3 – The entire premise of “My child makes me so angry” must be challenged as it reflects far more then a figure of speech. Parents are not puppets on a string to their child’s behaviors. A child cannot “make” a parent do anything. Any more then a parent can “make” a child do anything. The parent can set up situations and consequences that encourage a thoughtful child to respond in certain ways but cannot literally “make” a child cooperate. The child can set up circumstances and situations designed to upset the parents, however, whether or not the parent gets upset is up to the parent.
The Chinese have a proverb, “The foolish man gets angry, the wise man understands”.

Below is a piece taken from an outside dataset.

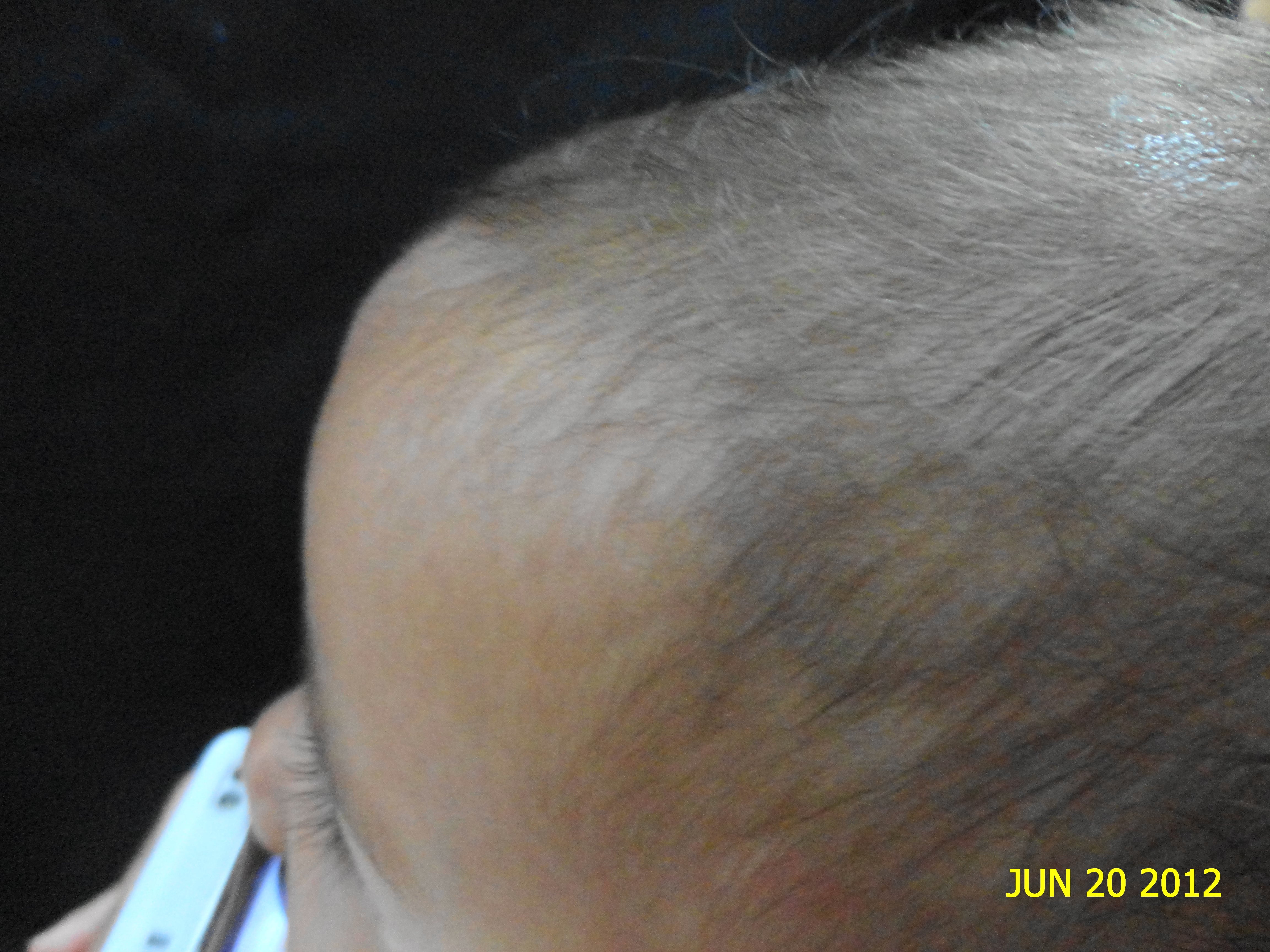 HEMANGIOMA FRESA - Propanolol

Children behave the way they behave because they think the way they think. How parents interpret the child’s behavior will determine how they will react to the behavior.

In order for parents to get out of the trap of thinking that somehow their child has control of parental emotions is to step back and look at what is driving the child’s behavior. Not what is the child doing, but what is behind the behavior. What thought processes are behind the behavior? Not what is the primary gain, but what is the secondary gain for the behavior? Not what is going to be the immediate consequence imposed by the parents, but what ultimate goal has been accomplished in the mind of the child?

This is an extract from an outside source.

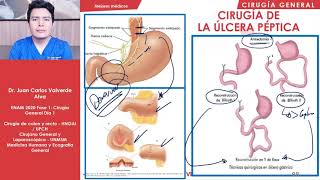 CIRUGÍA  Patología de estómago 1  ENAM 2020 [upl. by Ailyt832]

Overcoming and diffusing anger often comes down to changing parental expectations. A great deal of anger is due to the surprise of getting caught off guard by the child. Taking away the element of surprise if very helpful in diffusing a situation before it escalates. If the parent knows the child will be destructive than creating a paradoxical situation first thing in the morning helps both the parent and the child focus on the potential for anger to erupt. Greeting the child as he comes out of his bedroom with, “Oh, good. Today I am going to see what we can do about helping you learn to control your body. What are you going to break today? (Who are you going to hit? What are you going to refuse to do?) I hope you do it quickly as it will give me an opportunity to practice not getting angry and give you an opportunity to gain better control of your body. After you have broken whatever it is you are going to break, do you want to do jumping jacks, frog hops, strong sitting or go to your room? Don’t worry about it now, I will decide when the time comes.”

Change in a child’s behavior ripples out from changes in the parent’s behavior. Low key, thoughtful parental responses demonstrate the parent is in control of himself, the child and the situation. This creates a family environment in which everyone is safer and happier.